> _Activity_: The result should be the lines from the one that contains "Samsung EC-WB700ZBPBE1, EC-WB700ZDPBZA" to the final line of the entries below, copied exactly and with no pictures.

> _The records_:
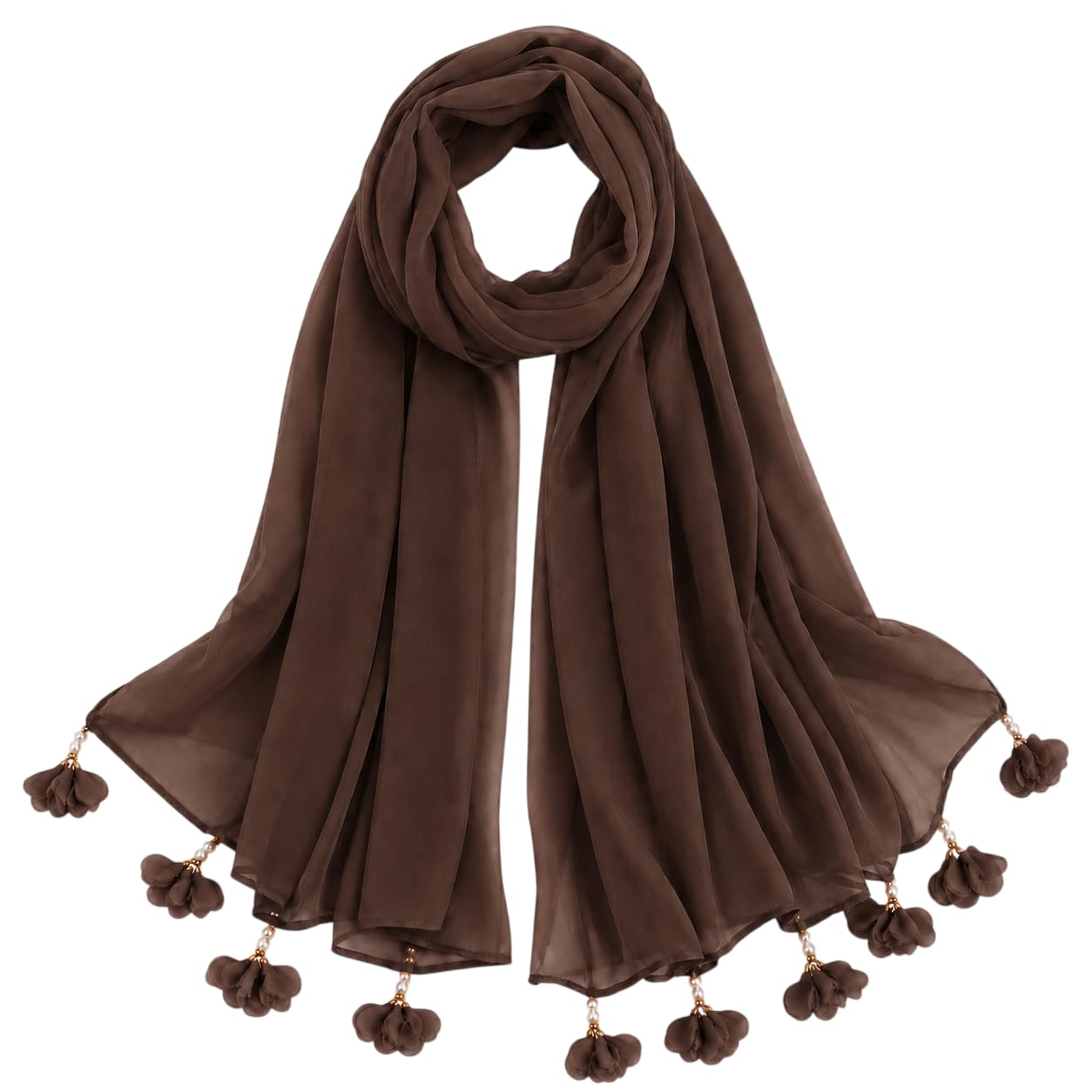 Women’s Chiffon Scarf Soft Lightweight Premium Stoles for Girls & Women | Stylish Modest Wear Dupatta for Daily & Party Use (Dark_Brown)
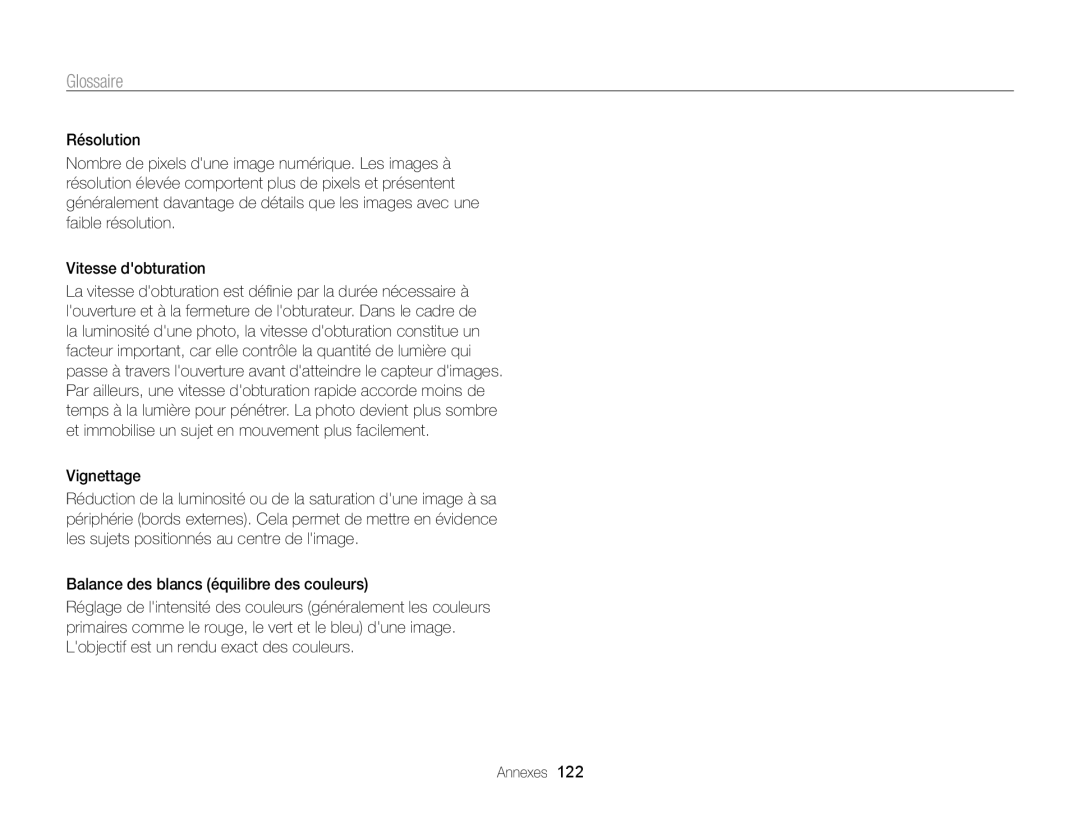 Samsung EC-WB700ZBPBE1, EC-WB700ZDPBZA manual Glossaire 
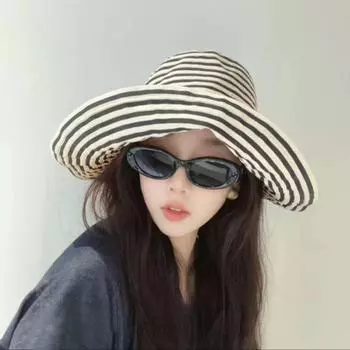 Складная летняя полосатая шляпа-ведро, женская новая длинная солнцезащитная шляпа, модная шляпа-тазик, большая окружность головы, шляпа от солнца M56-58cm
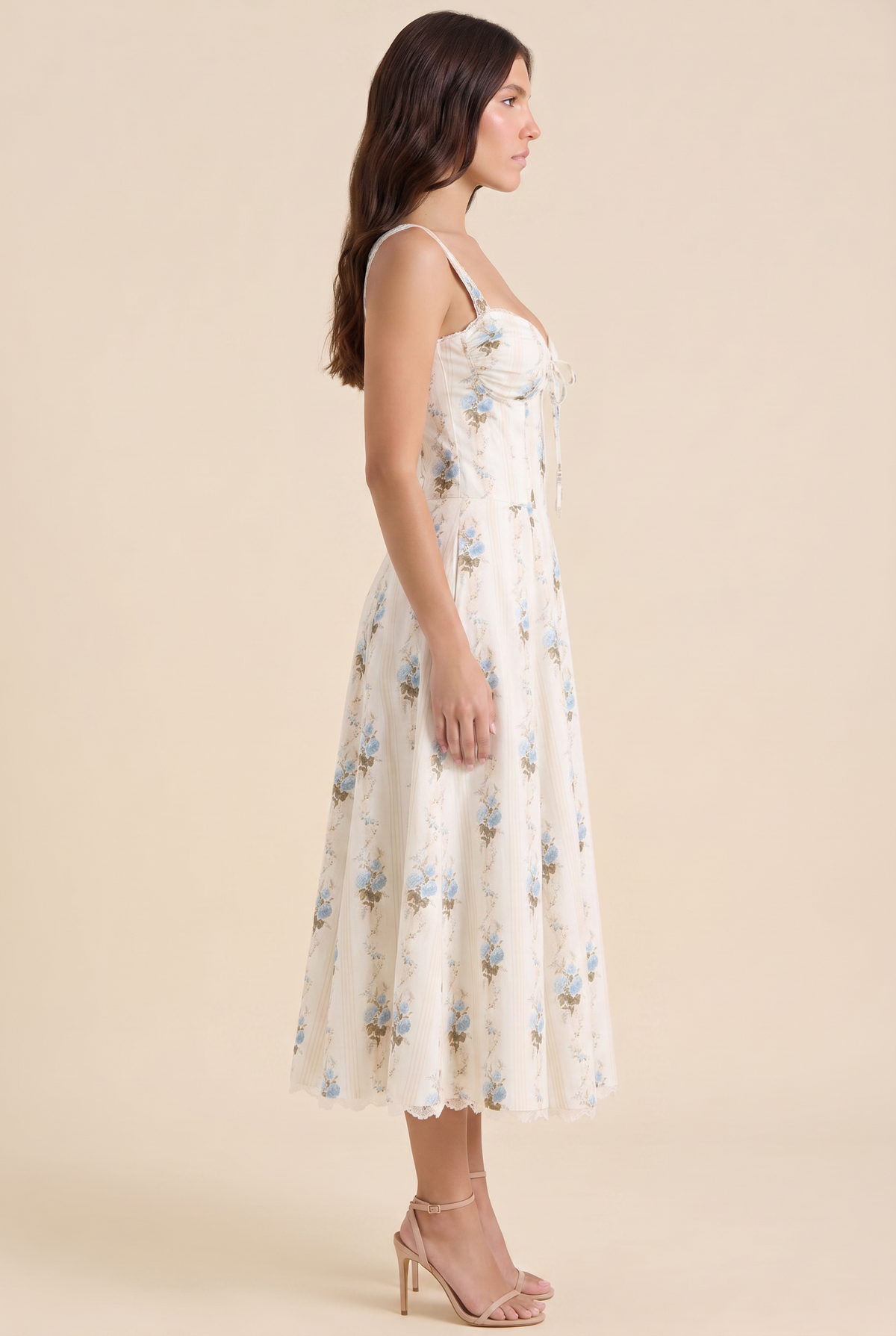 Oliana Floral Corset Midi Dress - Ivory Blue Floral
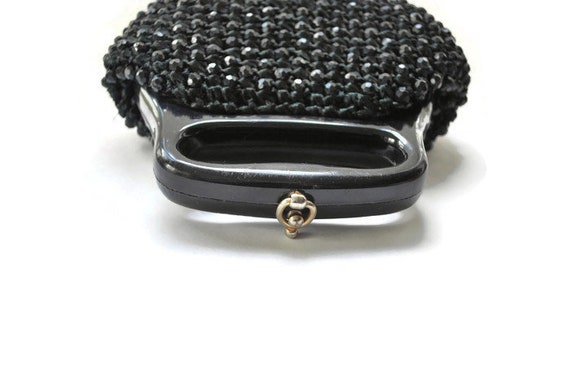 Vintage Black Raffia and Plastic Beaded Handbag,1… - image 4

> _Answer space_:
 Samsung EC-WB700ZBPBE1, EC-WB700ZDPBZA manual Glossaire 
 Складная летняя полосатая шляпа-ведро, женская новая длинная солнцезащитная шляпа, модная шляпа-тазик, большая окружность головы, шляпа от солнца M56-58cm
 Oliana Floral Corset Midi Dress - Ivory Blue Floral
 Vintage Black Raffia and Plastic Beaded Handbag,1… - image 4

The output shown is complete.